Examples of Variability in New Media
See page 38 in The Language of New MediaMany of the specific examples provided in Lev Manovich’s discussion of new media’s variability suffer from an imprecision that leaves unclear just how the Principle of Variability ought to be properly applied when thinking about new media objects.
The example provided by “branching-type interactivity” overlooks historical continuities between new media and traditional media, while also suggesting philosophical difficulties. The word “branching” in this context has both a phenomenological meaning and a technical meaning; as a metaphor it relates to the way tree branches subdivide along their length, and describes the many possible routes one might take while navigating an interactive artwork (as though one were walking along a tree branch from a single trunk to a random leaf). In a technical sense, systems theory studies this phenomenon in terms of “bifurcation” as a way to describe the net effect of multiple individual events. The same “branching-type” behavior can be found in descriptions of interactions with traditional media objects such as books of photographs or other art prints, choose-your-own-adventure books, architecture, and installation art, all of which are commonly explored in a nonlinear and indeterminate fashion.

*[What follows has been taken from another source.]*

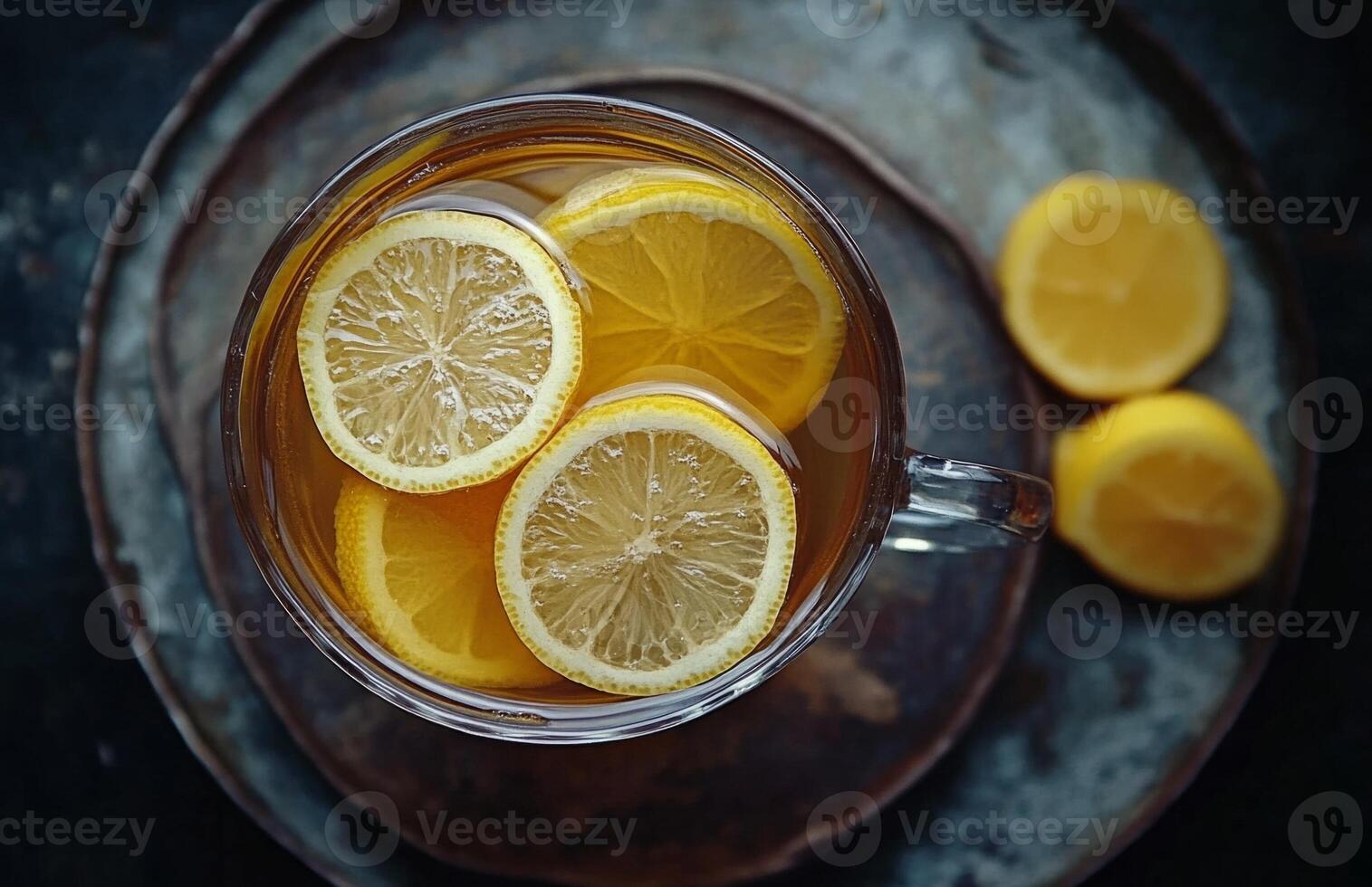 A glass cup filled with lemon slices photo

It could be argued that branching behavior is “in” a new media object in some structural way that it isn’t “in” traditional media; yet, just how one should most properly distinguish between the mechanical response of a book to having a page turned or a television set to having a channel changed, compared to a remote web server sending a copy of a web page, is unclear.

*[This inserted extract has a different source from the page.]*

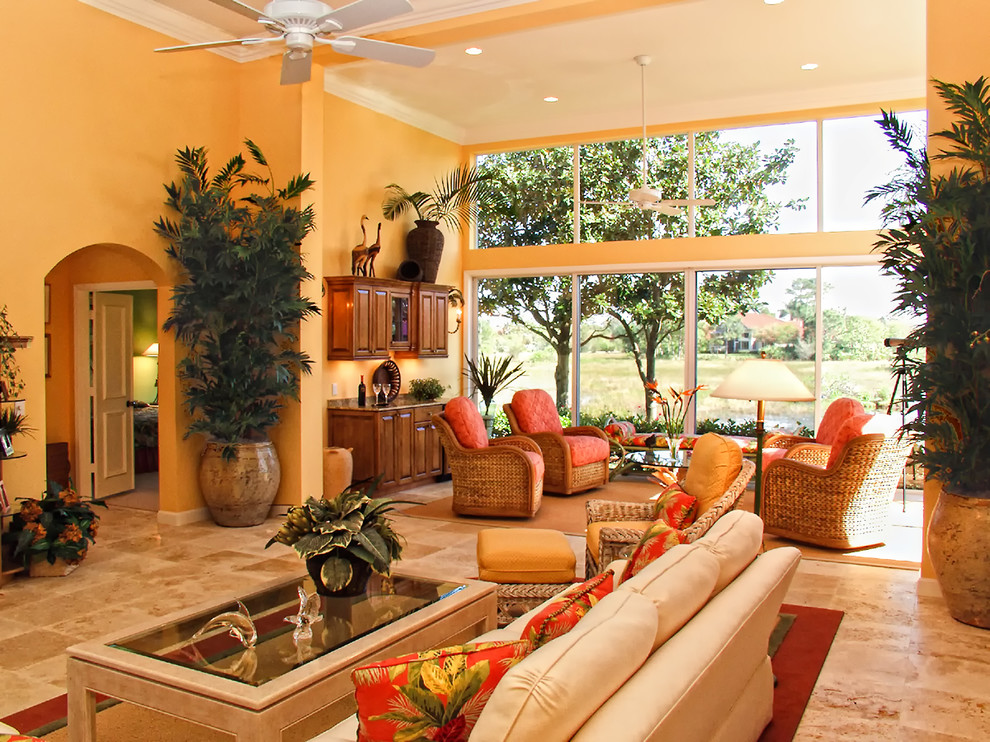 Example of an island style living room design in Miami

The example provided by “scaling” is similarly problematic. The word “scaling” has an informal sense, in which an object may be presented as larger or smaller, with more or less detail; and the word has a technical sense, which in mathematics refers to a type of linear transformation. The discussion of Microsoft Word’s “Autosummarize” feature fits neither of these uses: one third of a novel is not a scaled-down version of the novel, but rather, it is incomplete.
Although the types of variability discussed in The Language of New Media may be useful to an extent in describing the experience of interacting with a new media object, the discussion breaks down in a number of ways. Why these types of variability have the cultural value that they do is largely left unaddressed, and therefore, what meaning their application has to new media practices in terms of how new media objects are appreciated — aesthetically or in terms of convenience — remains unresolved.